Dairy Connect applauds the initiative of the Nationals candidate for Eden-Monaro, Trevor Hicks, for indicating that he will cross the parliamentary floor to ensure the passing of legislation to establish a royal commission into the Australian dairy industry.

However, any legislation will require more than 50 per cent of those in the parliament to support it and we call upon MPs and political parties to indicate their support or otherwise for a proposed Royal Commission and its terms of reference.

Shaughn concluded that “the time has come for action not words; the time has come for us to look forward to the future not the past; the time has come for us to be able to ensure that the Australian dairy industry is sustainable in the future for those in the industry but also for customers of fresh nutritious milk and dairy produce, and those who want to buy Australian milk and dairy produce.”

The Draft Terms of Reference, as proposed by The Nationals candidate Trevor Hicks, may be found below.


The Australian dairy industry both nationally and internationally has encountered market failure since de-regulation in 2000. This is been illustrated by the decision of the major supermarkets to impose dollar a litre for private label milk in 2011. It was not until 2018 that there was any change in the price for this produce. Dairy farming enterprises have encountered severe financial hardships and found it difficult to remain profitable as the farm gate price continues to be below the cost of production. In more recent times this has been illustrated by the collapse of the export market, collapse of the dairy co-op Murray Goulburn in 2016 as we’ll as the declining number dairy farming enterprises in Australia.


A review of the dairy value chain and the way in which the stakeholders (Supermarkets/processors/dairy farming enterprises) interact with one another in commercial and business arrangements.

Review the current market failure that has resulted from the deregulation of the dairy industry in 2000 and the ongoing market failure that the industry is continuing to experience with the collapse of the export and domestic markets.

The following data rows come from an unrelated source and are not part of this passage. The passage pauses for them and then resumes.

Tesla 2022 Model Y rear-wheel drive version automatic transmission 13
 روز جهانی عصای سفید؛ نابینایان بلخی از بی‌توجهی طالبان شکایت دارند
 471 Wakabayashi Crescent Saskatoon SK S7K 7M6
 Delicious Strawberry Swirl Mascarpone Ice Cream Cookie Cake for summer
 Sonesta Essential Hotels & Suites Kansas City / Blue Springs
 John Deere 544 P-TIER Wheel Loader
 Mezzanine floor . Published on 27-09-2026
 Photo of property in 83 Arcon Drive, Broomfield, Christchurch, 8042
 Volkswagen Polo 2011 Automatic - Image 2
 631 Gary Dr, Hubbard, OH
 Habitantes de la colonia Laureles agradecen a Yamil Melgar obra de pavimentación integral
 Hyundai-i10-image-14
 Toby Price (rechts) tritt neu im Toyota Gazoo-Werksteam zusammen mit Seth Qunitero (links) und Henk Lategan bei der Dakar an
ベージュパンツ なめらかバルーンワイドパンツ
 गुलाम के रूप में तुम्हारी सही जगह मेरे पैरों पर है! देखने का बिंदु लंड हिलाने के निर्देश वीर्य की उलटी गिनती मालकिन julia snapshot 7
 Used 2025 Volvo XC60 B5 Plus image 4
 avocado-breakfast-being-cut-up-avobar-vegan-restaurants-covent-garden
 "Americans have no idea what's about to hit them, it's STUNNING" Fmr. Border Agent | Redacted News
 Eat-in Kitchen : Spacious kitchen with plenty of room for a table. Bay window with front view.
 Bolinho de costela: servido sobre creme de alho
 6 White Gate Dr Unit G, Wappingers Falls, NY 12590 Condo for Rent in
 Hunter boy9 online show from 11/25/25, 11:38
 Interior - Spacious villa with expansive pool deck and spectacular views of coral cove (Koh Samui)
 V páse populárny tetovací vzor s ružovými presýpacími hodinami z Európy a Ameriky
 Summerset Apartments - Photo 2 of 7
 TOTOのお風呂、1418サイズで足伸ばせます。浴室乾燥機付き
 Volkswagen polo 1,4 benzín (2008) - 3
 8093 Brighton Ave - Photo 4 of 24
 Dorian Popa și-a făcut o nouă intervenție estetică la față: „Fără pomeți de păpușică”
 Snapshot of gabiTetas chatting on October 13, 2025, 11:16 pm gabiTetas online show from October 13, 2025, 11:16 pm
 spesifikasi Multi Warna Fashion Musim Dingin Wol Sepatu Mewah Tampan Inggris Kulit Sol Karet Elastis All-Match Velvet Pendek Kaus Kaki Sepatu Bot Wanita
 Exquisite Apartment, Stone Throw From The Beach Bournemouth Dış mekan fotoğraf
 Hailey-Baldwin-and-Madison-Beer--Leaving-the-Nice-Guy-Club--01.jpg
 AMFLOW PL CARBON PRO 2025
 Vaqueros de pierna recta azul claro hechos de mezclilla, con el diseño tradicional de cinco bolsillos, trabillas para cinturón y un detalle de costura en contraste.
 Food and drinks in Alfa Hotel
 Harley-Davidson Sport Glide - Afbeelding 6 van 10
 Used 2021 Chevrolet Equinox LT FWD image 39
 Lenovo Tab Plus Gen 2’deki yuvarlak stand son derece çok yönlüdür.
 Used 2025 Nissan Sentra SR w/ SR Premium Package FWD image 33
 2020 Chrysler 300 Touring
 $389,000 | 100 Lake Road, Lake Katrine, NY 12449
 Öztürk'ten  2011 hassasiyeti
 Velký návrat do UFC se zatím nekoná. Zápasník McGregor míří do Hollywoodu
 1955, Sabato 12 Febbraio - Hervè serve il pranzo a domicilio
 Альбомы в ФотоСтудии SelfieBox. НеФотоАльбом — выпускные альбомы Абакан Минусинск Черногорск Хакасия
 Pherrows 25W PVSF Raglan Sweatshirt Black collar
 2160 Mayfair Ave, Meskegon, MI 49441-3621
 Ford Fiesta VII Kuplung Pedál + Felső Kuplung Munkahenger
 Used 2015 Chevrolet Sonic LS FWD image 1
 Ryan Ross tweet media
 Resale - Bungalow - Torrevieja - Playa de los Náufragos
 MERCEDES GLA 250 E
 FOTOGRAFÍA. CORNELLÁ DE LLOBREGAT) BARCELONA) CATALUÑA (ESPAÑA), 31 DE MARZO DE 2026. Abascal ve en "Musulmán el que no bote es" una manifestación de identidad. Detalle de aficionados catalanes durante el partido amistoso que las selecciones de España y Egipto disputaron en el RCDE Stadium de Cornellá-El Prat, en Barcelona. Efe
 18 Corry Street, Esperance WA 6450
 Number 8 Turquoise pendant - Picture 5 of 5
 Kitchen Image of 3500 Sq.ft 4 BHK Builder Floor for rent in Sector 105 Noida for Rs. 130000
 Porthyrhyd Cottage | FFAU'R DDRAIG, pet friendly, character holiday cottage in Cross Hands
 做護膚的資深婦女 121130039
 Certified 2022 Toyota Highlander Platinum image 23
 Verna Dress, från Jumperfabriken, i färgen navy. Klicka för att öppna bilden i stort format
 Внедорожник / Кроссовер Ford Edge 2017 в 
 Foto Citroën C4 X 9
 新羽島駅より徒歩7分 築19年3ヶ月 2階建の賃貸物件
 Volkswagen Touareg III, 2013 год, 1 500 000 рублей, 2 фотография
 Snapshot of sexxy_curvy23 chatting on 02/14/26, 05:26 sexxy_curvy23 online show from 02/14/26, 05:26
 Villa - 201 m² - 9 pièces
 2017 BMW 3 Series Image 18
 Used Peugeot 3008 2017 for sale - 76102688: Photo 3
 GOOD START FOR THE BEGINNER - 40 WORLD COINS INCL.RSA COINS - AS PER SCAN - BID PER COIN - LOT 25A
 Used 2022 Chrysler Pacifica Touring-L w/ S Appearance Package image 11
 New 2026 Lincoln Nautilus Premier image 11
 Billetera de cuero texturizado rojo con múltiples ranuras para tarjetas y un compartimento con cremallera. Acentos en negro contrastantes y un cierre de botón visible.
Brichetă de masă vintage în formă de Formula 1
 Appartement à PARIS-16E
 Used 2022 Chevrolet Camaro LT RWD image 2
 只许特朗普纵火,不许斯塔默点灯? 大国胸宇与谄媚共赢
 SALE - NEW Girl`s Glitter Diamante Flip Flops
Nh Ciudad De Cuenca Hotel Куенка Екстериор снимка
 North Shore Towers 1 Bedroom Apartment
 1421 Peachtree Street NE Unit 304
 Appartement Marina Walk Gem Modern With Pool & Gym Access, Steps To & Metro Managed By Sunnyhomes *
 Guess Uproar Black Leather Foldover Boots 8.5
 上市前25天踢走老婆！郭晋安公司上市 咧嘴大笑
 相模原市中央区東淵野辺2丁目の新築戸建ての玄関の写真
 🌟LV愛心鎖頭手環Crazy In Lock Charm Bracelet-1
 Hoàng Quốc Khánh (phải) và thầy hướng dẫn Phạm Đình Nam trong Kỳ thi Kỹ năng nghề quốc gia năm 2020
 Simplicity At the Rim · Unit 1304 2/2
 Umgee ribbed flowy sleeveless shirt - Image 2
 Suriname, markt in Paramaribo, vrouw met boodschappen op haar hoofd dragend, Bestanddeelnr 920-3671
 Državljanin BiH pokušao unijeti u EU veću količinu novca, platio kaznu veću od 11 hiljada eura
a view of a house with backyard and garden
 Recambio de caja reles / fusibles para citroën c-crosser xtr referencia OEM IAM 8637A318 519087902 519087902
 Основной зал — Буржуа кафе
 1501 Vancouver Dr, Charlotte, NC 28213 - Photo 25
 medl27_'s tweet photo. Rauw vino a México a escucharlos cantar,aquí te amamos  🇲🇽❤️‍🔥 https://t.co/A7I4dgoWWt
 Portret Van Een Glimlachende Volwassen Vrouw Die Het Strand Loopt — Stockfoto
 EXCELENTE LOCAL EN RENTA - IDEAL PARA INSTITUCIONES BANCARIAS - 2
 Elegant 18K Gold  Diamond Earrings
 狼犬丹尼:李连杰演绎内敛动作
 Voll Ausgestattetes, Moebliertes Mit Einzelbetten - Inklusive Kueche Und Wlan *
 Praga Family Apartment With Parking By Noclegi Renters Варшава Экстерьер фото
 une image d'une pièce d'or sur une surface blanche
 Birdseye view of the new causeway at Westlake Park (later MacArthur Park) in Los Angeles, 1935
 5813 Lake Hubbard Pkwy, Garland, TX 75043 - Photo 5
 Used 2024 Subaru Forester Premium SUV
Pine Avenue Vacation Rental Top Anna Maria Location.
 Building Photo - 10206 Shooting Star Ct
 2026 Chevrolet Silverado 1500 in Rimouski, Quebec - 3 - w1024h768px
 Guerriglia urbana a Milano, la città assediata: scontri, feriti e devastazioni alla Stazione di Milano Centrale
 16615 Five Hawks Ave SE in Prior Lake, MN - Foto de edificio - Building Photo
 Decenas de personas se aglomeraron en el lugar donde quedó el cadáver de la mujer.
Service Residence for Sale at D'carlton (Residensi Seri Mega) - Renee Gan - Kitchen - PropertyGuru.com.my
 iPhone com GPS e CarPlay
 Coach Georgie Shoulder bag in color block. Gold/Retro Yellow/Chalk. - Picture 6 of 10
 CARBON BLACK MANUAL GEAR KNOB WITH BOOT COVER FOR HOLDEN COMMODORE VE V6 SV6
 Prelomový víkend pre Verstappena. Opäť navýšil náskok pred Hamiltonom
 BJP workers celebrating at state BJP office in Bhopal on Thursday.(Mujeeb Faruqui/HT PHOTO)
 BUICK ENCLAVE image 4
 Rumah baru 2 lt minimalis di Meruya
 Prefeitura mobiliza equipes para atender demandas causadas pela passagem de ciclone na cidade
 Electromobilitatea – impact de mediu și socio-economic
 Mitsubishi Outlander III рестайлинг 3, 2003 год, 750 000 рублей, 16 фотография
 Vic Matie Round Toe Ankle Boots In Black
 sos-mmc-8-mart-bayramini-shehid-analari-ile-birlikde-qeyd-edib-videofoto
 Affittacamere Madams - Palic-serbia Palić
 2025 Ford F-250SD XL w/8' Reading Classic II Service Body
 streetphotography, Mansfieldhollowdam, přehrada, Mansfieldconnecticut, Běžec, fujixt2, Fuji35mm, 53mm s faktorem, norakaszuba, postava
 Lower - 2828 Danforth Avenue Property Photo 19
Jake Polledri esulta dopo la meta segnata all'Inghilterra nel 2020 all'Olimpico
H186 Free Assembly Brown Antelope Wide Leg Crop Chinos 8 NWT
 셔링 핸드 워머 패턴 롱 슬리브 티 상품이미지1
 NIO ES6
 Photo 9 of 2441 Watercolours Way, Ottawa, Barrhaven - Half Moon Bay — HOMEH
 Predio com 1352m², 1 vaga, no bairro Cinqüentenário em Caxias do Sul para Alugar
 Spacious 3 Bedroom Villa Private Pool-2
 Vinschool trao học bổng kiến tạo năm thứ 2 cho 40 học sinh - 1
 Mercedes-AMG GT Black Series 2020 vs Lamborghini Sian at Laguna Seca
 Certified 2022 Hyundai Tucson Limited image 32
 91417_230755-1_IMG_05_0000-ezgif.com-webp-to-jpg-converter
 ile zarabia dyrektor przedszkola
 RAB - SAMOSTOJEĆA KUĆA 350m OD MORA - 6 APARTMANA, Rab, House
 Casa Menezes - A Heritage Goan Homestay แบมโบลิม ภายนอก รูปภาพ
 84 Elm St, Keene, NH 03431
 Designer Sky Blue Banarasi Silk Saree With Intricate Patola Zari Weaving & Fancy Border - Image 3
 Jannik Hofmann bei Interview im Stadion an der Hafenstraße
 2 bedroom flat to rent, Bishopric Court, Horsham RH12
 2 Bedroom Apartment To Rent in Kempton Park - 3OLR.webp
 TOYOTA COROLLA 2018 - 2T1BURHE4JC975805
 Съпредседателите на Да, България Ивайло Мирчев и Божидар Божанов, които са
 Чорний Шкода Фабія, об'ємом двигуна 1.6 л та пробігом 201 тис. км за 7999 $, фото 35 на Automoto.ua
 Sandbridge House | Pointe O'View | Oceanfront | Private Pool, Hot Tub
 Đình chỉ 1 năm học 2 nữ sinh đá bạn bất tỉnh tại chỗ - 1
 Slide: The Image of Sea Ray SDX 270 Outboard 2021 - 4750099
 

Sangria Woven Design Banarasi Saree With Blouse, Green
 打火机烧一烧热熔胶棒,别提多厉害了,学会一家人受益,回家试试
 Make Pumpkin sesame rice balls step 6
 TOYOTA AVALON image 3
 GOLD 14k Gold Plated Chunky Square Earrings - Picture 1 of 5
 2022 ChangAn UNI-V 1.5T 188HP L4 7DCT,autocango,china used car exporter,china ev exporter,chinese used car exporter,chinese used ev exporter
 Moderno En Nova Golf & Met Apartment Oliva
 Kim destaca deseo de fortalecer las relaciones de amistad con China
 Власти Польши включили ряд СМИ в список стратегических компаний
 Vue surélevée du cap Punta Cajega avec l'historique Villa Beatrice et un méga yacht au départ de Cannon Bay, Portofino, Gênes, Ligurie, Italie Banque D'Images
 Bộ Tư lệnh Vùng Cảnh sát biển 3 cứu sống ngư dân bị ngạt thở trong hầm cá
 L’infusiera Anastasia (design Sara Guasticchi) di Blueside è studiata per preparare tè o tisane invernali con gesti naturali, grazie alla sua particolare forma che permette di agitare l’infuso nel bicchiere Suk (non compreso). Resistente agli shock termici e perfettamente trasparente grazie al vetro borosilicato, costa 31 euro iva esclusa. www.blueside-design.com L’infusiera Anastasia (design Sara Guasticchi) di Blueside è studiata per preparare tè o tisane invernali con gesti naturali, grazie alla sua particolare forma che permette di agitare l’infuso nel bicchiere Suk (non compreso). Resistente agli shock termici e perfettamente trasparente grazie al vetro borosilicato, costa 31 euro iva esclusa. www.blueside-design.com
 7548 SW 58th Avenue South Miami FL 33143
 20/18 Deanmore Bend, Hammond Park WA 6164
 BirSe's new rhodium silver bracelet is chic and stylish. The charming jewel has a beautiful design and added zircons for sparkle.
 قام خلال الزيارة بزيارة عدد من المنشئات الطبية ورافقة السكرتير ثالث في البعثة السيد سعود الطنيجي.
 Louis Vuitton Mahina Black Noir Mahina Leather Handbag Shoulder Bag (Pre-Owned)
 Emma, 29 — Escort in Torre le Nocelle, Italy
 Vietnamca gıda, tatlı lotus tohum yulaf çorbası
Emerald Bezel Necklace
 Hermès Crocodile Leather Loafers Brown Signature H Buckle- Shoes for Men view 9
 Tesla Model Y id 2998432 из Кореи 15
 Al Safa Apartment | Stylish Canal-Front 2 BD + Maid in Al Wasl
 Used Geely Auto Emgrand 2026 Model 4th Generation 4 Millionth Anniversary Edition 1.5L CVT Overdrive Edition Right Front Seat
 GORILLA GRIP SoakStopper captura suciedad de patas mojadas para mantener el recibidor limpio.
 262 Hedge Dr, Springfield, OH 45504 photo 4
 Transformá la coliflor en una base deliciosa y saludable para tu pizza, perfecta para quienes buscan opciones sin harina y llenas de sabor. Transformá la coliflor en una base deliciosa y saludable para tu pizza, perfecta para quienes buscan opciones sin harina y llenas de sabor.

A review of the prices/costs for dairy cabinet produce including fresh milk by the major supermarket chains, especially as to market share, import costs undercutting Australian dairy produce.This is illustrated by the low farm gate price that is paid to dairy farmers for their produce, particularly given the high price points (and profits) that supermarkets obtain and their relationship to their customer (purchaser) and processor (supplier) for the dairy produce/milk.

Review of 'truth in labelling’, with reference to imported dairy produce (e.g. cheese) being marketed as ‘Australian produce’ and the resulting impact upon the Australian domestic market.

Review the powers that the ACCC with respect to organisations within the value chain, ranging from supermarkets, (as currently regulated by the food & grocery code) as well as processors and dairy farmers (currently regulated by the mandatory code) and the lack of good faith between the parties and the unfair bargaining power by certain parties within the dairy value chain.

Review the business efficiency of dairy farmers and support that could be obtained to ensure the viability and sustainability into the future.

Review the effectiveness of Dairy Australia’s programs on delivering a return on the investment from the farmer ‘s levy contributions, in particular the RD&E and marketing Programs and review alternatives to the current RD&E model.

Review the good faith, efficiency and effectiveness of industry advocacy by the national and state dairy farmer representative organisations and their relationship with other members within the dairy value-chain.

Review current water management practices at both a state and federal level including the Murray Darling Basin Plan, which are directly (e.g. dairy farms within the Basin area) and indirectly (e.g.: dairy farmers who purchase fodder from within the Basin to supplement feed livestock) impacting on dairy farmers.”